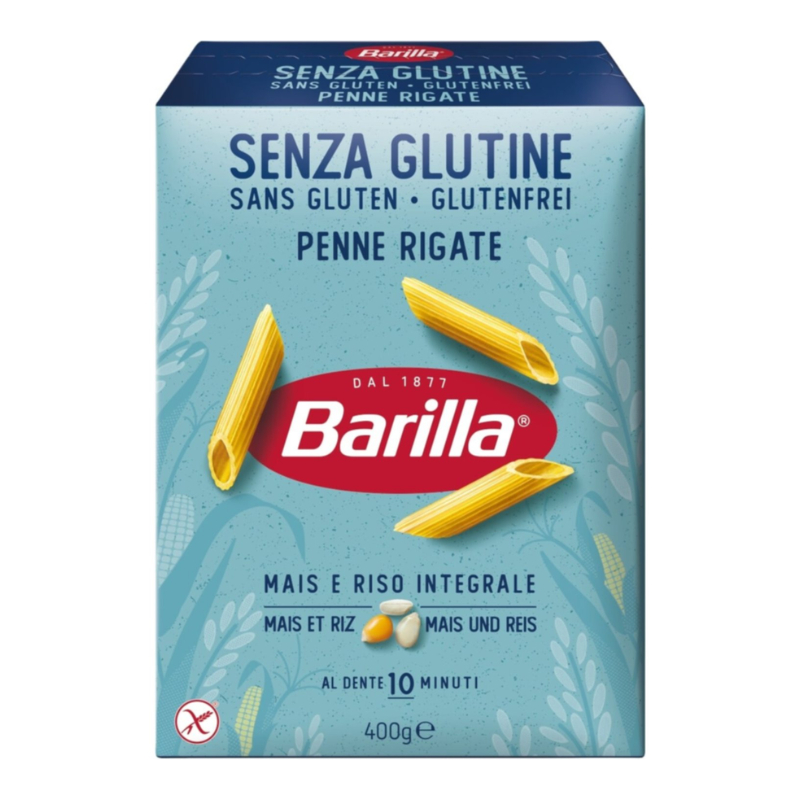 บาริลล่า เส้นเพนเน่ กลูเตนฟรี ทำจากข้าวโพดและข้าว 400 กรัม - Gluten Free Penne Rigate 400g Barilla brand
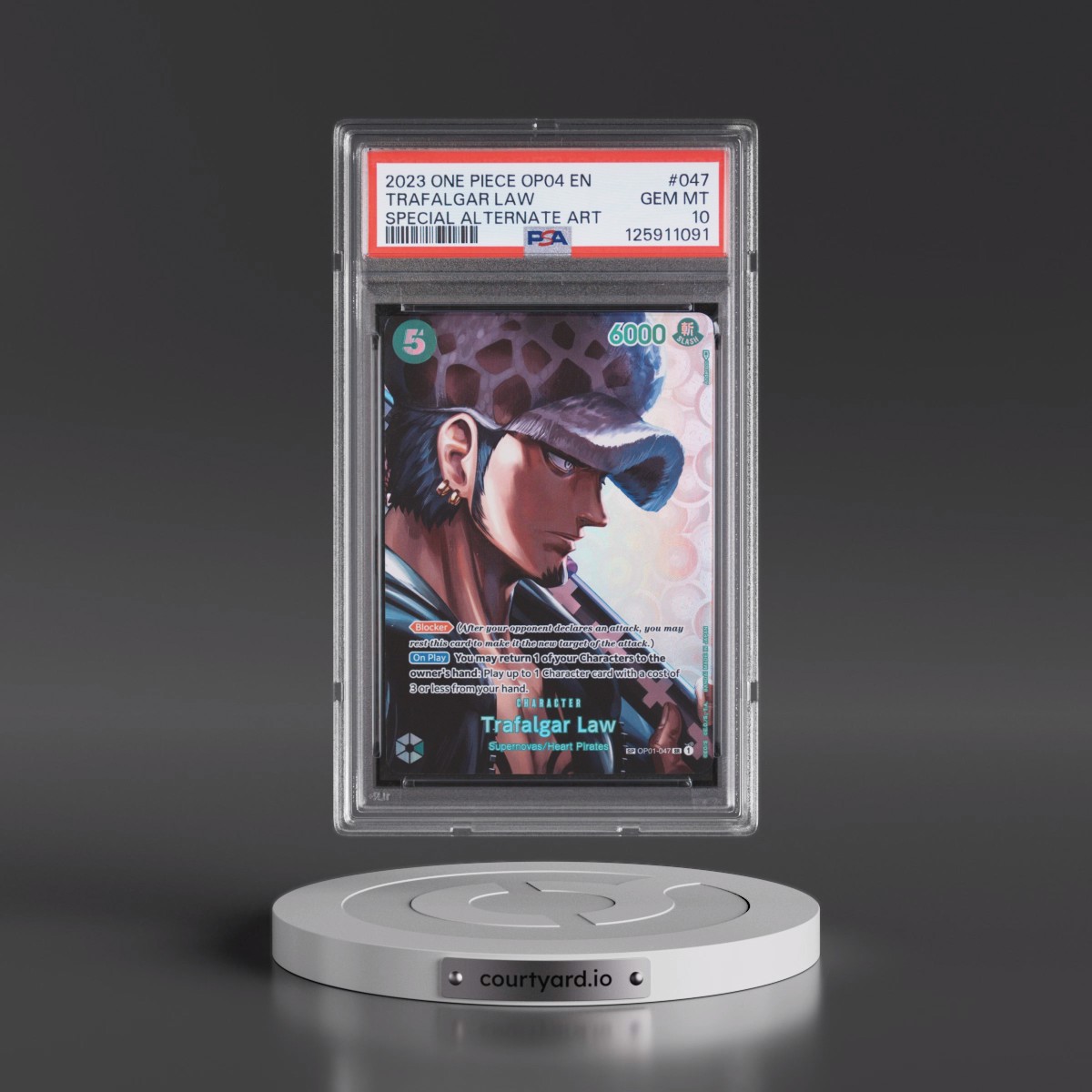 2023 One Piece Kingdoms of Intrigue #047 Trafalgar Law - Special Alternate Art (PSA 10 GEM MINT)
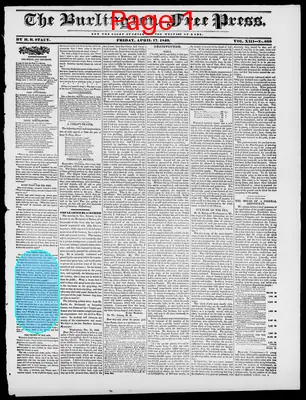 Page thumbnail for Burlington Free Press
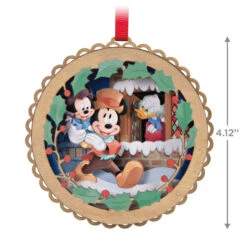 Hallmark Disney Mickey's Christmas Carol 40th Anniversary Papercraft Ornament -Fashion Accessories Store Mickeys Christmas Carol Characters Keepsake Ornament 1999QXD6669 03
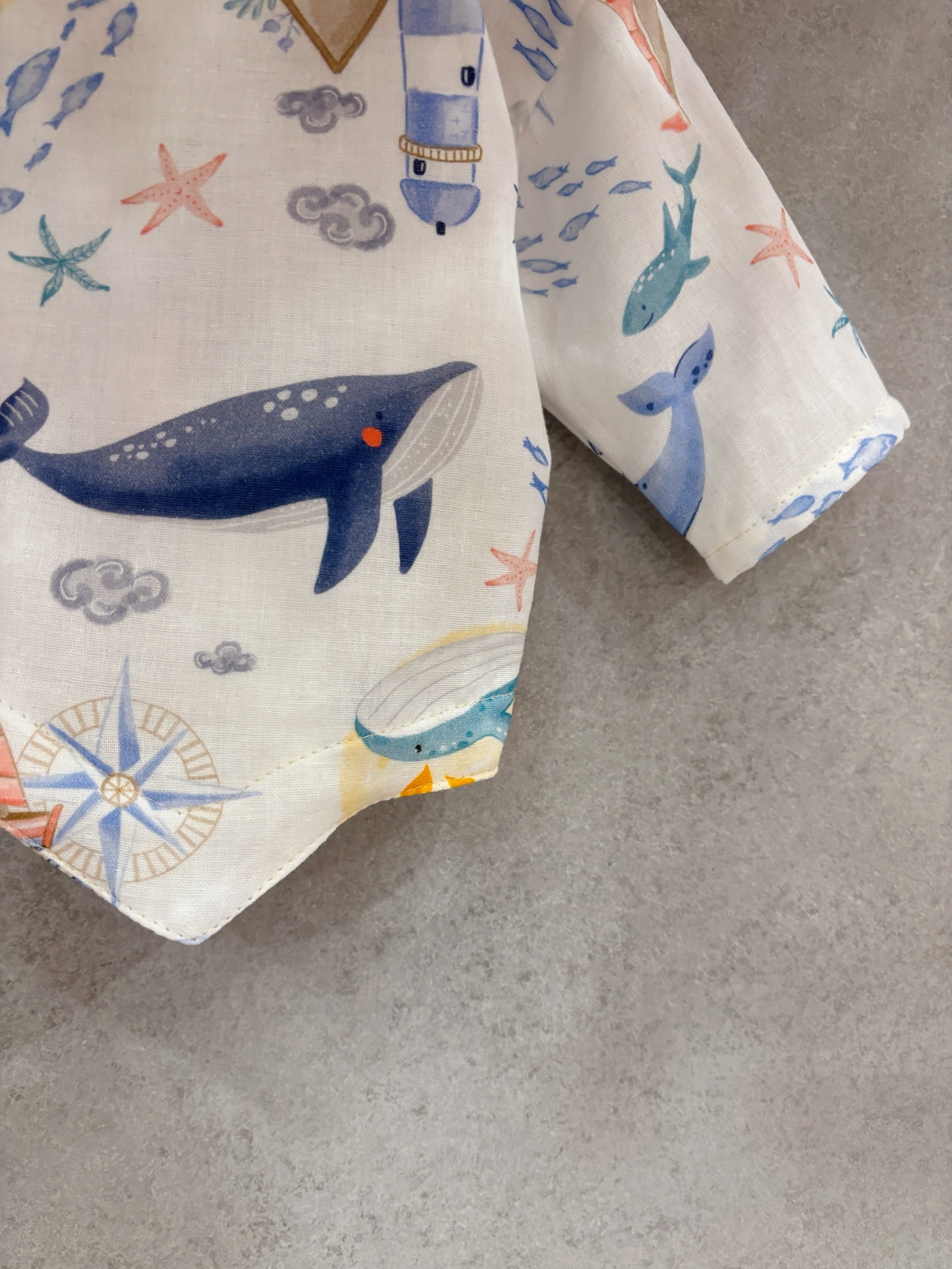 海洋奇緣 八分袖小外套（90）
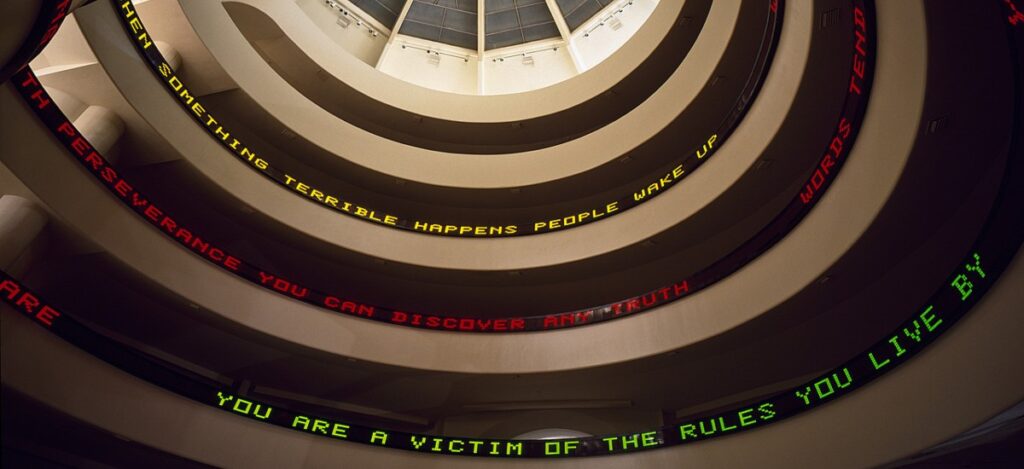 Jenny Holzer 'Light Line' / Photo via Jenny Holzer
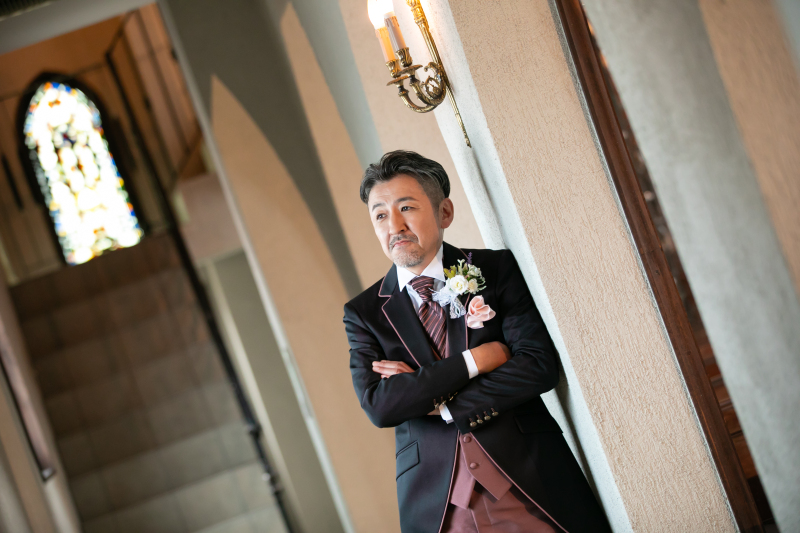 ご新郎様も・・・*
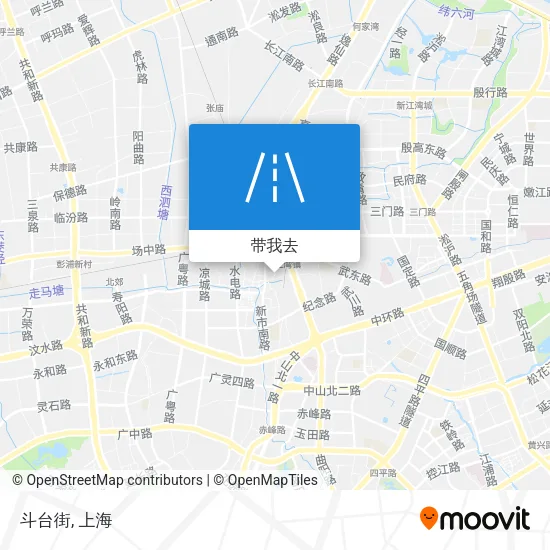斗台街地图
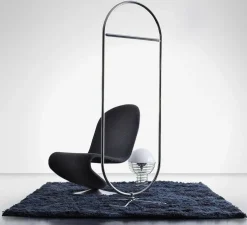 Lampe à poser, Wire, blanc, chrome, Ø40cm, H54cm - Verpan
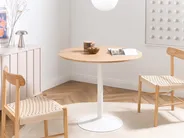 Esstisch TINO Helle Eiche 90 cm 90 cm_1076271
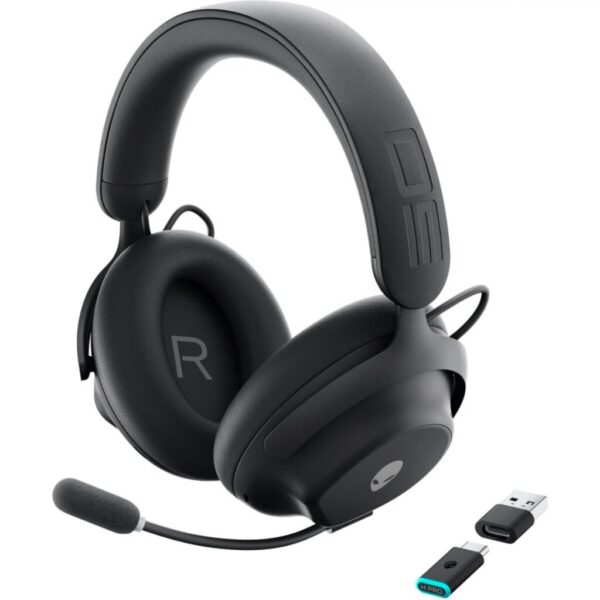 Alienware Pro Wireless Gaming Headset, Connectivity Technology: Wired/Wireless, Wireless - 545-BBFS
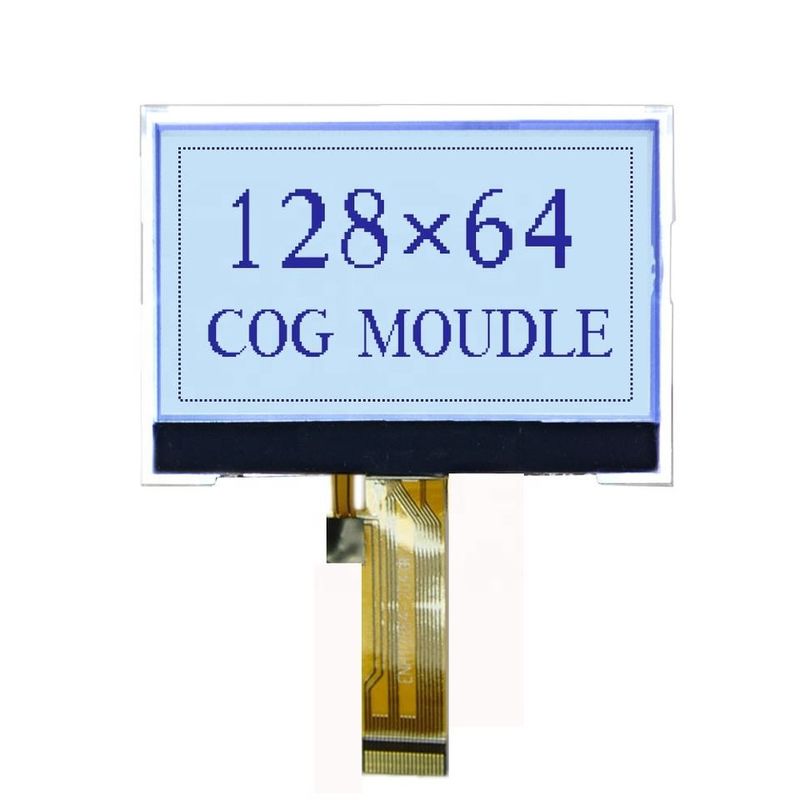 White LED LCD STN Screen With 1/64 Duty Drive Method Easy To Read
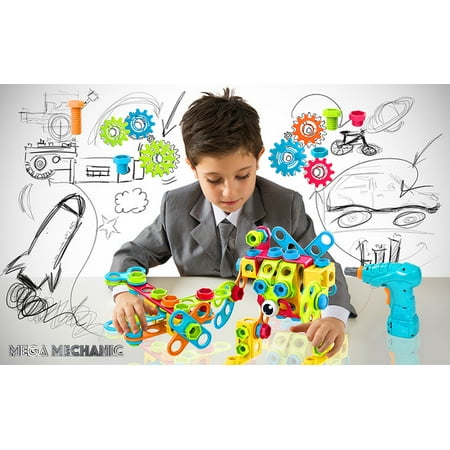 Contixo ST3 Engineering Building Set - STEM Toy Building Blocks, Preschool Learning, 223 pcs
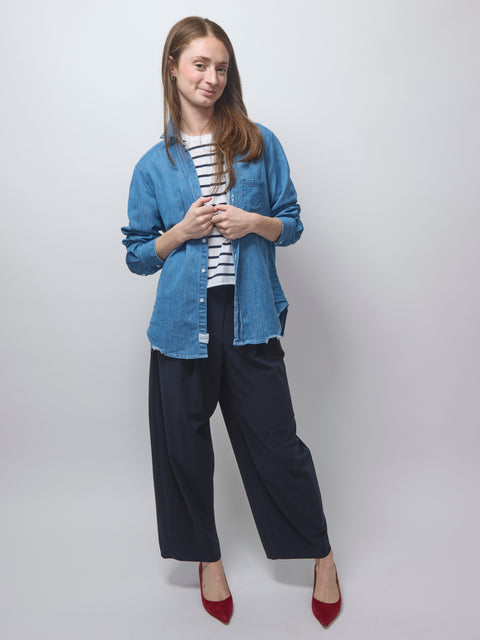 Eileen, Vintage Stonewashed Indigo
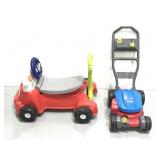 Pair of kids summer outdoor toys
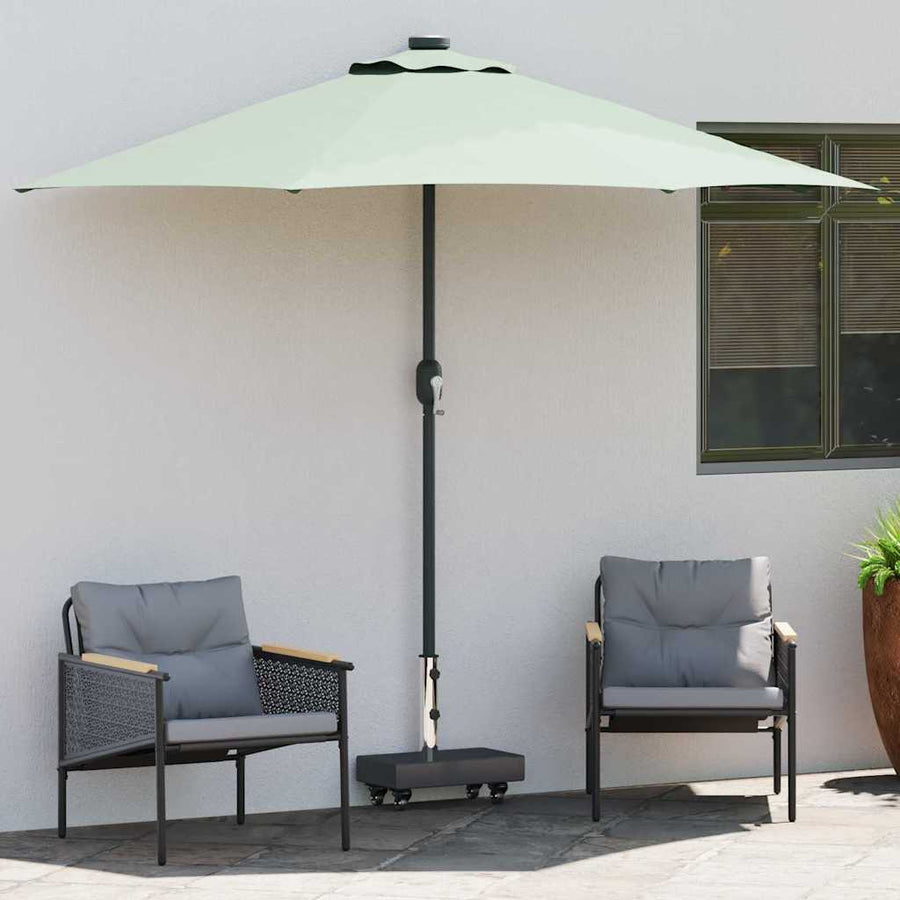 Parasolvoet Zwart 45 x 25 x 45 cm Graniet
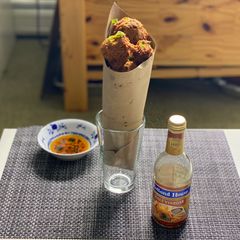 A picture of Clam Cakes.
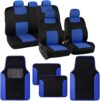 BDK PolyPro Blue Car Seat Covers Set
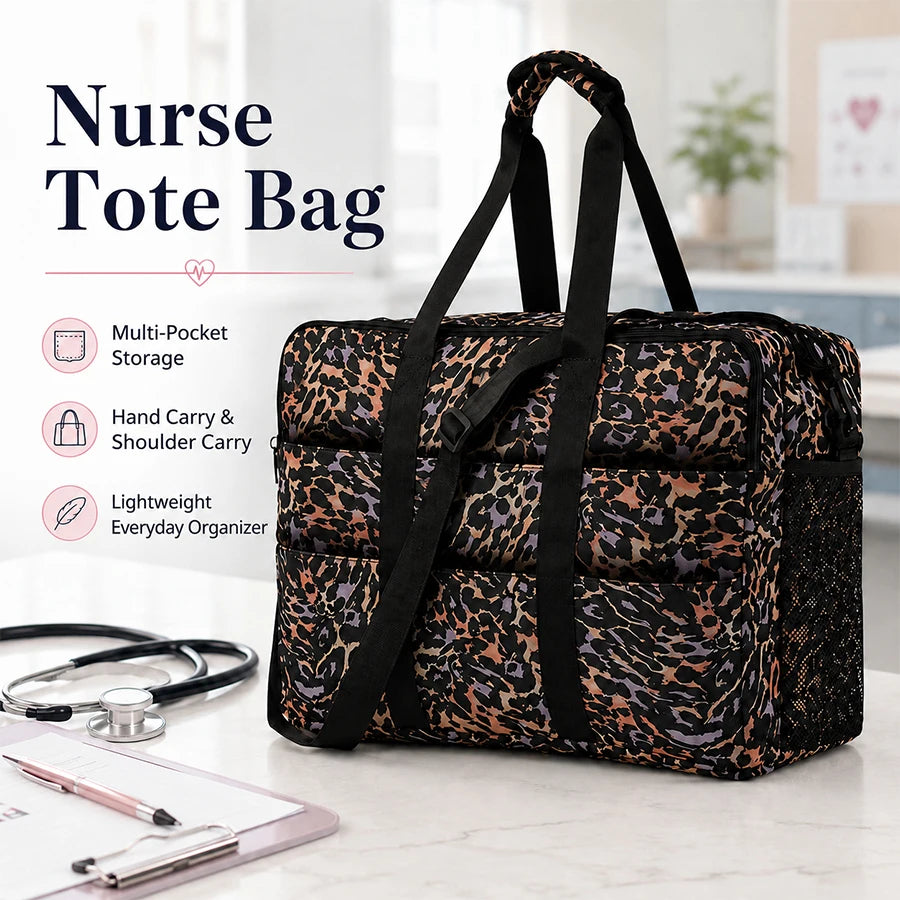 Nurse Shift Tote Bag Multi-Pocket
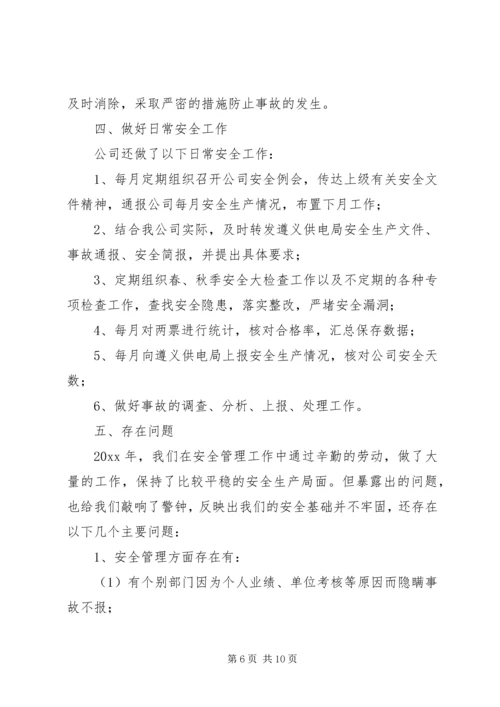 在电力公司职工代表大会上的工作报告 (2).docx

- - - -

Task objective: A word-for-word restatement of all the lines above is needed, with the pictures omitted.

Completed task:
 บาริลล่า เส้นเพนเน่ กลูเตนฟรี ทำจากข้าวโพดและข้าว 400 กรัม - Gluten Free Penne Rigate 400g Barilla brand
 2023 One Piece Kingdoms of Intrigue #047 Trafalgar Law - Special Alternate Art (PSA 10 GEM MINT)
 Page thumbnail for Burlington Free Press
 Hallmark Disney Mickey's Christmas Carol 40th Anniversary Papercraft Ornament -Fashion Accessories Store Mickeys Christmas Carol Characters Keepsake Ornament 1999QXD6669 03
 海洋奇緣 八分袖小外套（90）
 Jenny Holzer 'Light Line' / Photo via Jenny Holzer
 ご新郎様も・・・*
斗台街地图
 Lampe à poser, Wire, blanc, chrome, Ø40cm, H54cm - Verpan
 Esstisch TINO Helle Eiche 90 cm 90 cm_1076271
 Alienware Pro Wireless Gaming Headset, Connectivity Technology: Wired/Wireless, Wireless - 545-BBFS
 White LED LCD STN Screen With 1/64 Duty Drive Method Easy To Read
 Contixo ST3 Engineering Building Set - STEM Toy Building Blocks, Preschool Learning, 223 pcs
 Eileen, Vintage Stonewashed Indigo
 Pair of kids summer outdoor toys
 Parasolvoet Zwart 45 x 25 x 45 cm Graniet
 A picture of Clam Cakes.
 BDK PolyPro Blue Car Seat Covers Set
 Nurse Shift Tote Bag Multi-Pocket
 在电力公司职工代表大会上的工作报告 (2).docx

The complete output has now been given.